Speaking of his work, celebrated architect Frank Gehry, the creative force behind the Guggenheim Bilbao Museum and the new Parisian landmark, the Foundation Louis Vuitton building, once said that if we knew in advance what we’d have to go through, we’d probably never go ahead and do it.

Even masters have moments of sadness and doubt, not to mention regular people. Yet perhaps that little extra measure of rebelliousness and commitment makes all the difference.

Exquisitely made up and dressed in a white dress and black high-heeled shoes inlaid with crystals, Anny Chan moves among a gathering of guests. Otto2 Artistic Aesthetics, the organization she founded 11 years ago, has moved to a new headquarters in Taichung, overlooking the National Opera House 27 floors below. Through the mist, the opera house’s curved walls appear somewhat surreal.

Like the surreal detours on the entrepreneurial road, Chan could never have imagined what would transpire before she experienced it herself. Otto2 is currently Taiwan’s largest children’s arts education institution, spanning 140 direct operation and franchise branches in Taiwan and China, with bases as far off as Changchun in Jilin Province and Yinchuan in Ningxia. Last year it achieved a turnover of NT$160 million.
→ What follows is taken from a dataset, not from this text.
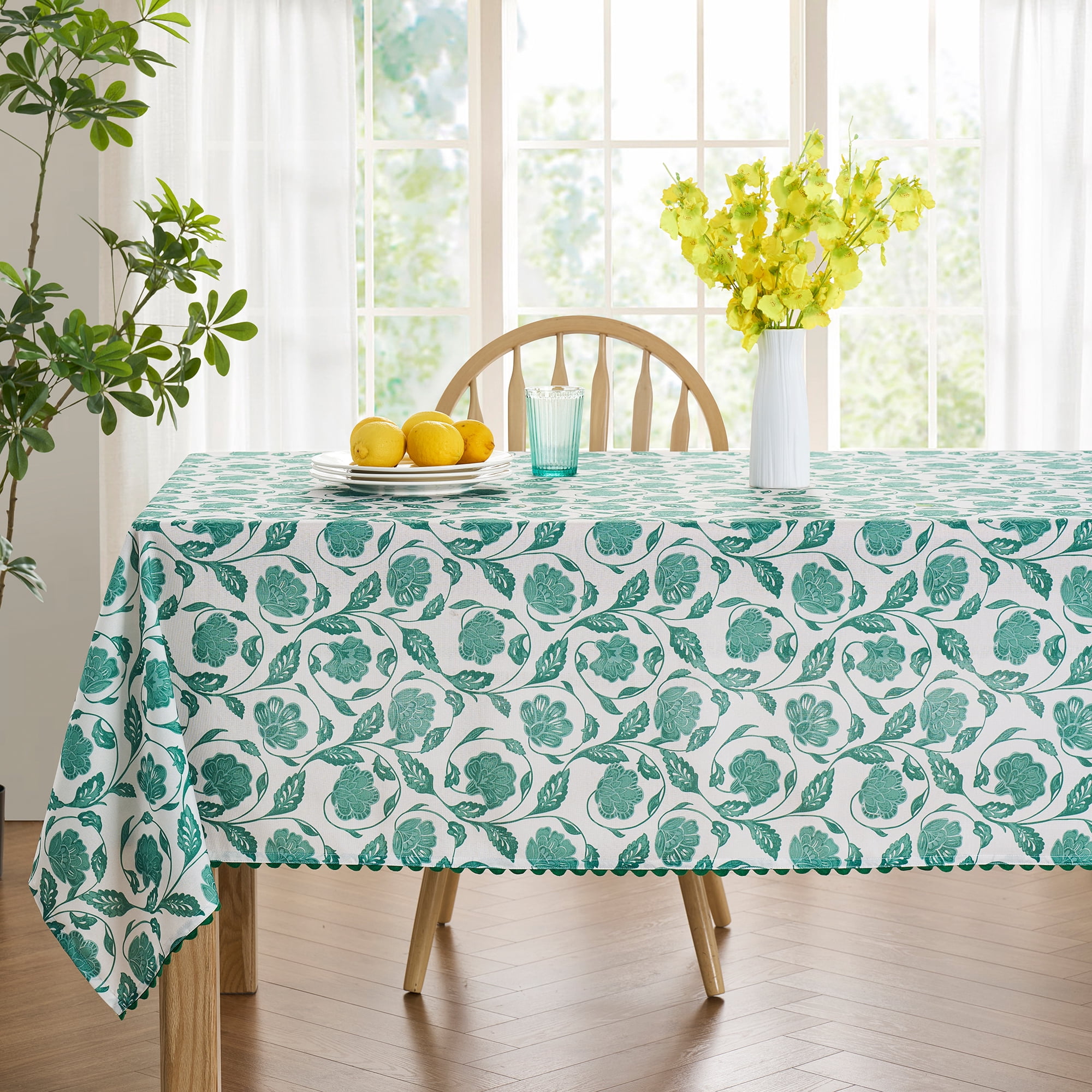 Mainstays by Becky G. & Alejandra Fabric Tablecloth, Green Floral, 60" x 102"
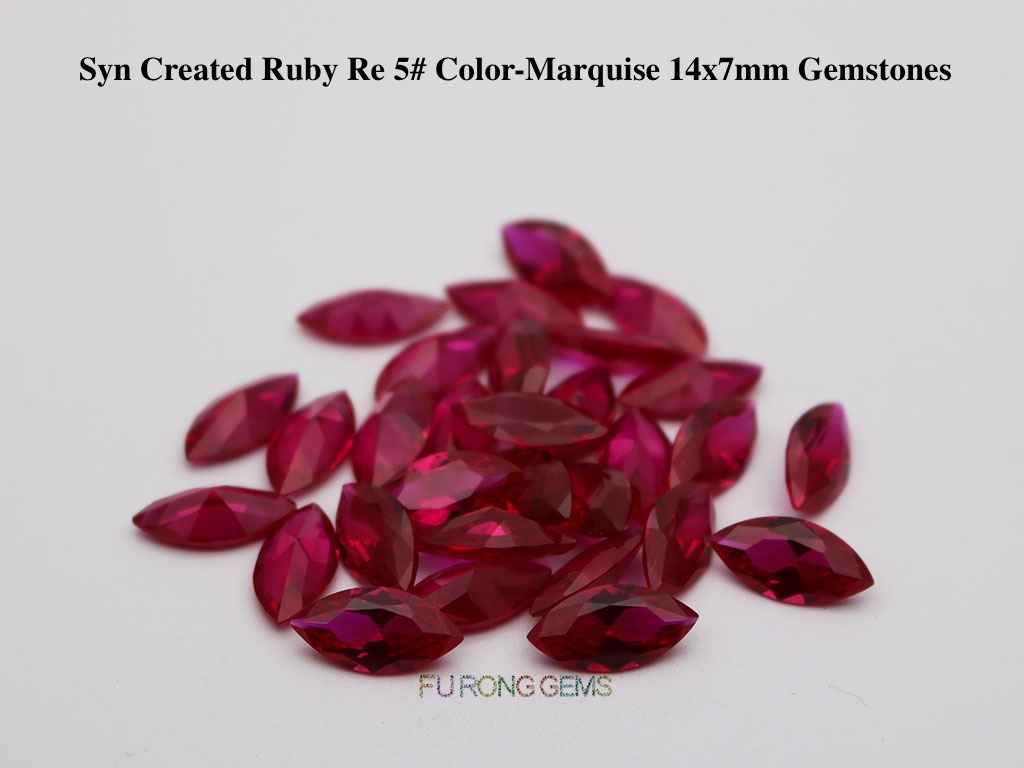 Created-Ruby-Red-5#-Marquise-14x7mm-Gemstones-wholesale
Chan has just returned from Shanghai. Having finally gotten regional rights and franchising models squared away, business in China has taken off, and the organization is projected to reach 200 branches sometime this year. In order to keep up with it all, Chan must spend three weeks out of each month across the strait in China.

Despite everything looking fabulous on the surface, Otto2 only managed to break even last year, finally crawling out from the NT$90 million of debt accumulated three years ago.

Asked to speak to the defeats she suffered at first in the mainland market due to strategic miscalculations, Chan recalls her changes in attitude. “Back in 2013, I thought I could push through anything, but now I can own up to my weaknesses and tell my team what I need, so as to change the belief that ‘I can handle it all,’” she says.

Her confidence was justified, though, as she saw Otto2 through the financial crisis and established over 30 branches in Taiwan alone, yielding NT$100 million of revenue.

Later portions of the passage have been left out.